The back-down by Green Party co-leader Russel Norman on money-printing may make him more compatible with Labour's positions on monetary policy but he will not be finance minister in a Labour-led government, Labour leader David Shearer made clear yesterday.
Labour last night welcomed the Greens' u-turn. Finance spokesman David Parker said the Greens' policy had been "an unhelpful position".
Announcing the reversal, Dr Norman, when asked if he could realistically be finance minister in a Labour-led government, said "We shall see.
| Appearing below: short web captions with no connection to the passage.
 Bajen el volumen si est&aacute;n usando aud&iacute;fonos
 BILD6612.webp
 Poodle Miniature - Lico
All portfolios are on the table."
Mr Shearer scotched that suggestion, again.
"The next Labour-led government will have a Labour minister of finance and that will be David Parker," he said yesterday.
The Greens proposed money-printing - also known as quantitative easing - last October, among a range of measures to take pressure off the dollar and help the export sector but Labour did not support it.
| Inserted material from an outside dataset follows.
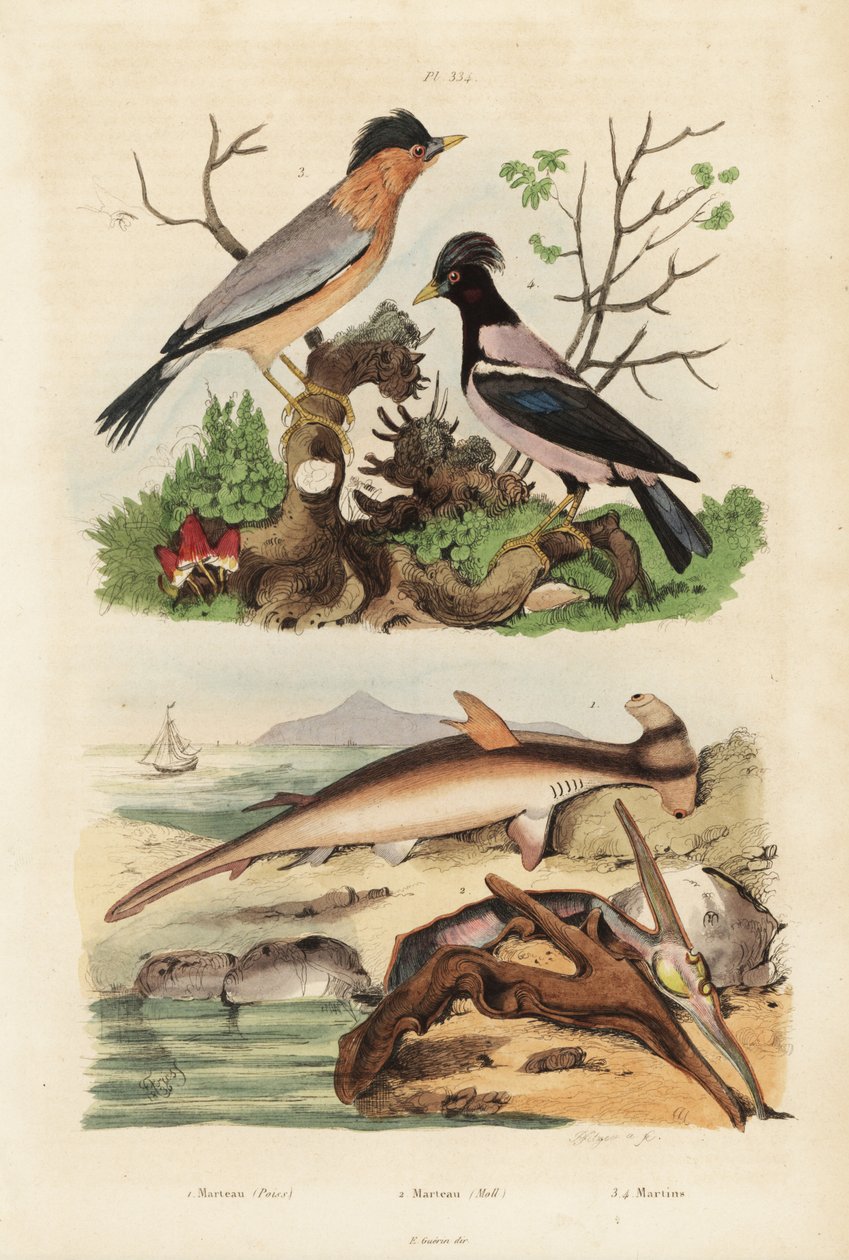 Młot gładki, Sphyrna malleus 1, ostryga młotkowata, Malleus malleus 2, brahminy myna, Sturnia pagodarum 3 i szpak różany, Pastor roseus 4 autorstwa Unbekannt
It has been repeatedly condemned by Prime Minister John Key who has characterised the Greens as wacky and linked Labour to the policy, too.
Dr Norman said that during the course of the Manufacturing Inquiry - by Labour, the Greens and New Zealand First - he realised the policy did not have the support to be implemented.
The change in the policy showed that the Greens had listened, he said yesterday.
Mr Parker said he was pleased the Greens had dropped it.
It had enabled the Government to escape scrutiny as to whether other changes in monetary policy were necessary.
Asked if Labour was considering ditching any of its controversial policies, such as gradually raising the age of entitlement to superannuation, he said Labour would not conduct coalition negotiations in advance of the election - a reference to New Zealand First which opposes the policy.
"We remain committed to our policies because we believe them to be proper and in the interests of New Zealand."
Labour has signalled it will drop at least three of its economic policies, although more for reasons of fiscal restraint than unpopularity: paying into the Cullen super fund before the country returns to surplus, removing GST from fruit and vegetables and making the first $5000 of income tax-free.